Jacob Rothschild had joined the family’s London bank, N.M. Rothschild & Co. in 1963 and enjoyed a highly successful career in corporate finance, specializing in mergers and acquisitions and building up a separate closed-end mutual fund Rothschild Investment Trust (RIT). In 1980, seeing his way to the Rothschild chairmanship blocked by his cousin Evelyn, he sold his 11% share in the bank for £6.6 million (about $30 million today) itself an indication of how far merchant bank values had fallen, since N.M. Rothschild was one of the largest and most successful ones. It was indeed a bad period for the family banks – the Paris outfit was nationalized by the incoming socialist government of François Mitterrand, causing its chairman Guy de Rothschild (1909-2007) to remark:

“To be a Jew under Pétain was bad enough; to be a banker under Mitterrand, c’est insupportable.”

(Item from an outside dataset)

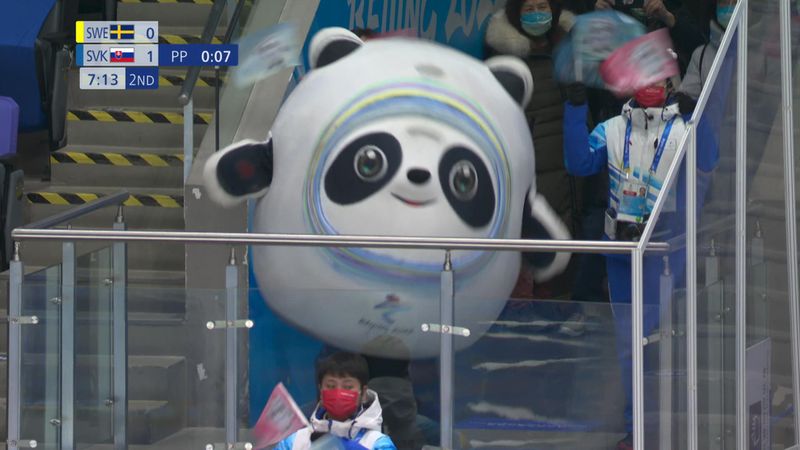 Beijing 2022 | Panda gaat uit zijn dak na belangrijke treffer ijshockeyers Slowakije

Jacob Rothschild then took over RIT, merged it with another closed-end fund Northern Investments and acquired the mid-tier merchant bank Charterhouse Japhet, forming a group Charterhouse J. Rothschild, with a market capitalization of £400 million, then bigger than any of the traditional merchant banks. He also organized tie-ups with the stockbroker Kitcat and the U.S. investment bank L.F. Rothschild, Unterberg and Towbin (not related to the European Rothschilds). Finally in 1984 he attempted to buy the entrepreneurial life assurance company Hambro Life, but this approach was rebuffed.

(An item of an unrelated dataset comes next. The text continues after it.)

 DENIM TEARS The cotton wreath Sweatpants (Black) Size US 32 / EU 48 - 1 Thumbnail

Jacob Rothschild’s purpose in putting together this financial conglomerate was, apart from sheer capital to reduce risk, to marry the investment generating capacity of a merchant bank with the investment absorbing needs of life assurance companies and closed end funds. In the oligarchic world of the merchant banks, this worked very well; everybody concerned was a gentleman, and if the occasional merchant bank-generated investment turned out a dud, arrangements could be made. Bad apples among the staff were quickly spotted and quietly rejected from the system.

Shortly after the Hambro Life failure, Rothschild turned round and over the next three years divested the companies he had assembled, thus ending merely as a private investment group RIT Capital Partners. It is not clear why he did this, but there are two possibilities. One is that he may have realized that he still lacked sufficient scale to compete in the emerging post-1986 world – £400 million, about $1.8 billion today, would still be dwarfed by the capitalizations of the largest U.S. and European banks.

The second possibility is that he saw the Financial Services Act of 1986 taking shape and realized that it would hugely increase the costs and risks of high-level merchant banking business. When a deal went wrong, instead of “arrangements being made,” under the new system some idiot regulator would come along 3-4 years after the fact and impose ruinously expensive fines or, if the regulator was of the mind of New York Attorney General Letitia James, draconian jail sentences. The risks of merchant banking would be dramatically increased, and so would the costs of employing senior merchant bankers – they would need to be maniacal hyped-up risk-takers like the Stratton Oakmont partners of “The Wolf of Wall Street” — jail sentences being like drug addiction, just one of the hazards they faced in day-to-day business.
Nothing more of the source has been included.